What this task involves: Return the listing exactly. Keep no pictures.

Supplied records:
━━━━━━━━━━━━━━━━
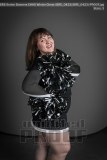 Senior Banners EHHS Winter Cheer (BRE_0423)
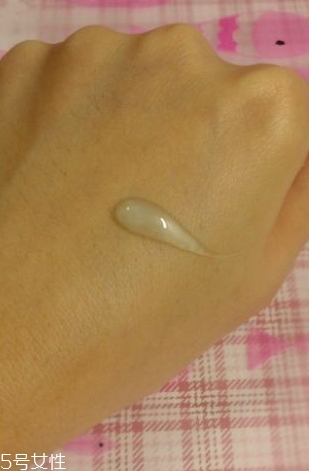 自然堂洗面奶多少錢？任意系列都很便宜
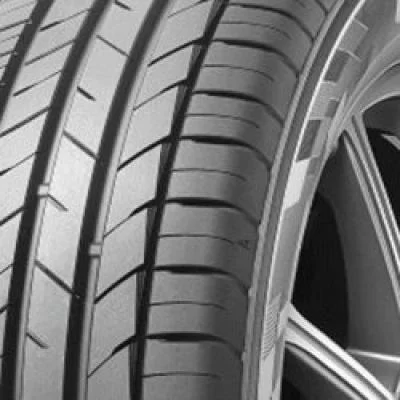 KUMHO Ecsta HS52 225/50 R17 98W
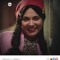 GHada Mokhlsy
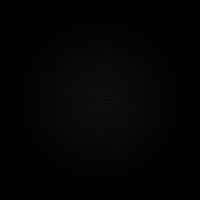 lau_tc1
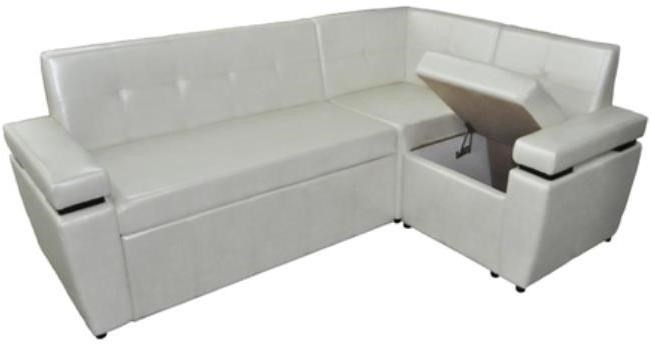 Кухонный диван Яшма 5 в Химках - изображение 5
━━━━━━━━━━━━━━━━
Exercise result:
 Senior Banners EHHS Winter Cheer (BRE_0423)
 自然堂洗面奶多少錢？任意系列都很便宜
 KUMHO Ecsta HS52 225/50 R17 98W
 GHada Mokhlsy
 lau_tc1
 Кухонный диван Яшма 5 в Химках - изображение 5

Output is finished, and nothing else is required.